Records shown:
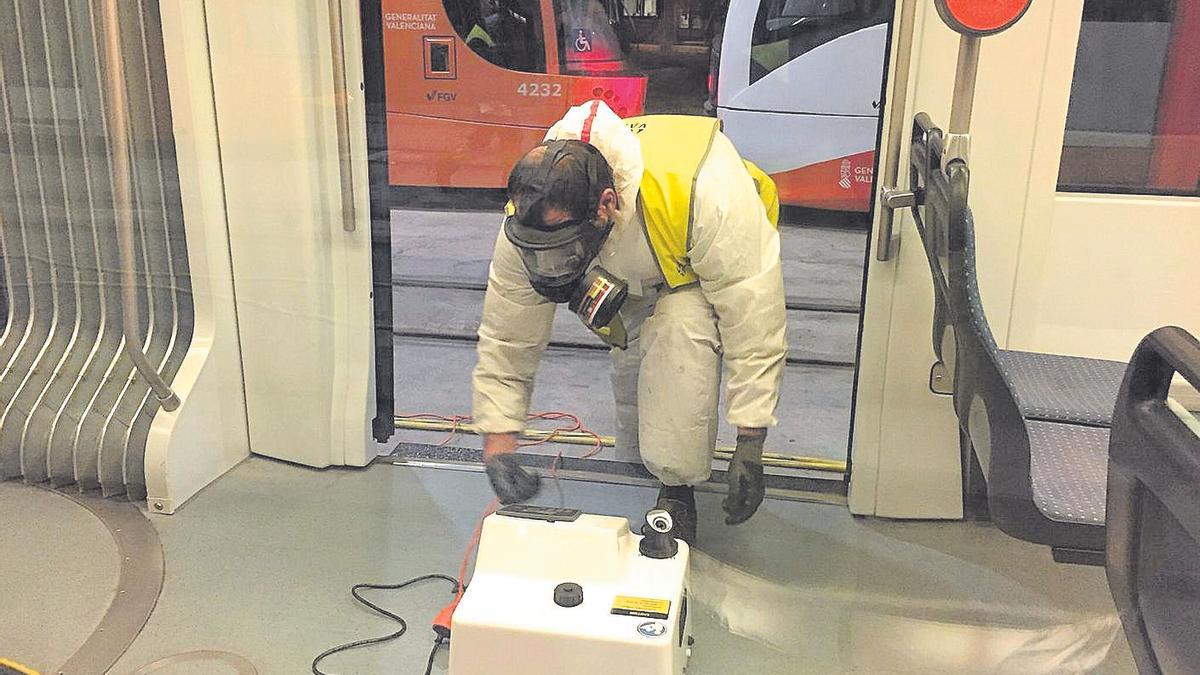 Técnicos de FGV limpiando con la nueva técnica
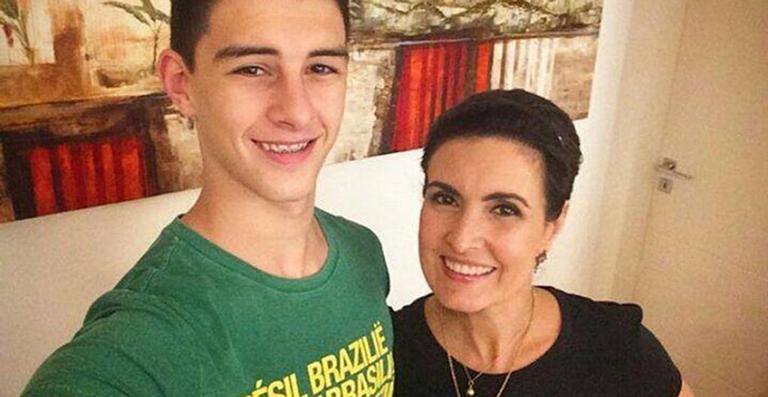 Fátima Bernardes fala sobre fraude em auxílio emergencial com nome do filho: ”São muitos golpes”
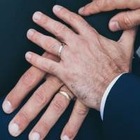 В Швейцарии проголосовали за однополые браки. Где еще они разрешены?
---
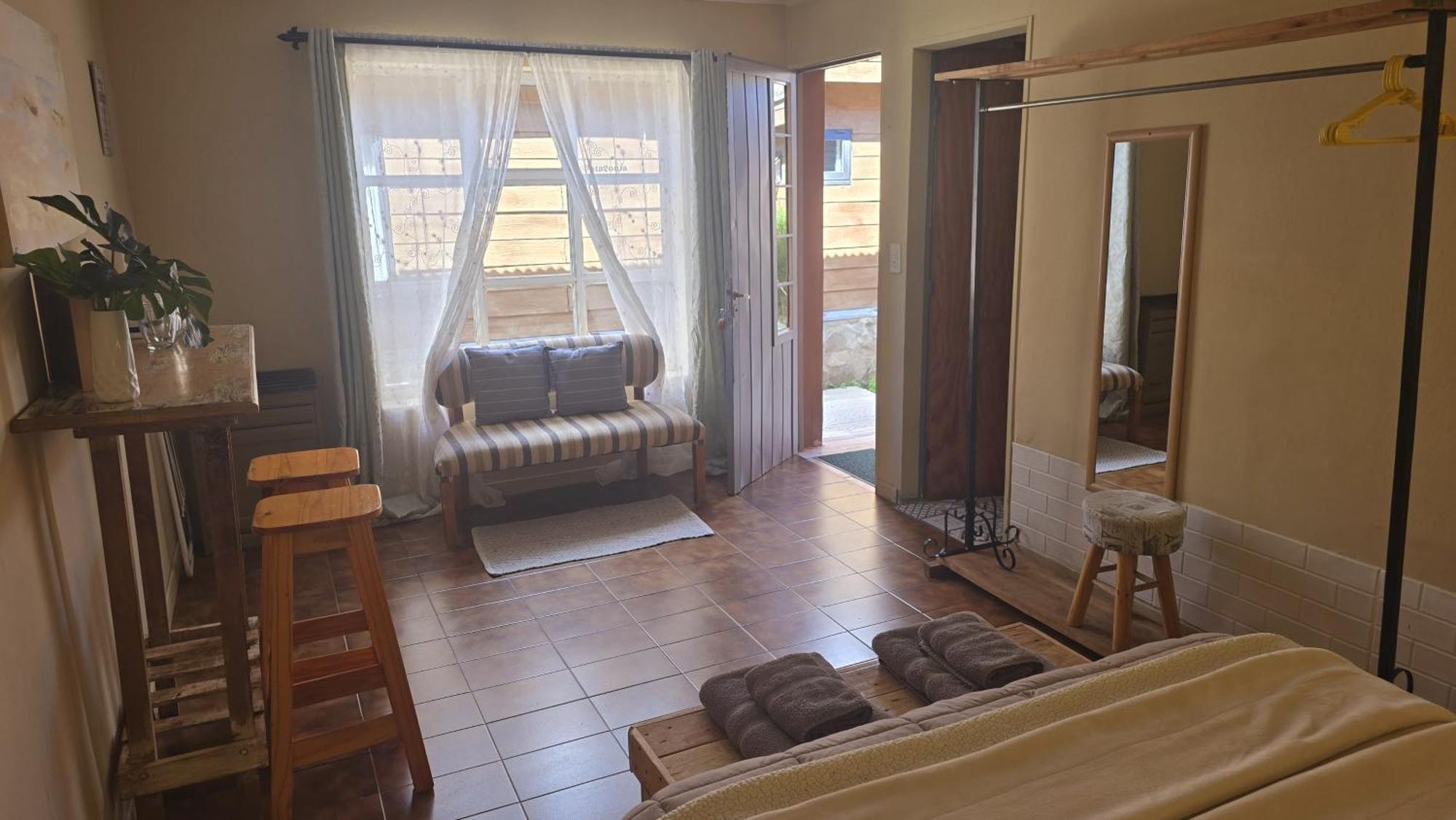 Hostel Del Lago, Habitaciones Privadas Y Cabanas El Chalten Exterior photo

Exercise goal: Going by the data above, give back only the lines from the one containing "Técnicos de FGV" through the one containing "В Швейцарии проголосовали", exactly as they stand, both ends included and no images.

Final answer:
 Técnicos de FGV limpiando con la nueva técnica
 Fátima Bernardes fala sobre fraude em auxílio emergencial com nome do filho: ”São muitos golpes”
 В Швейцарии проголосовали за однополые браки. Где еще они разрешены?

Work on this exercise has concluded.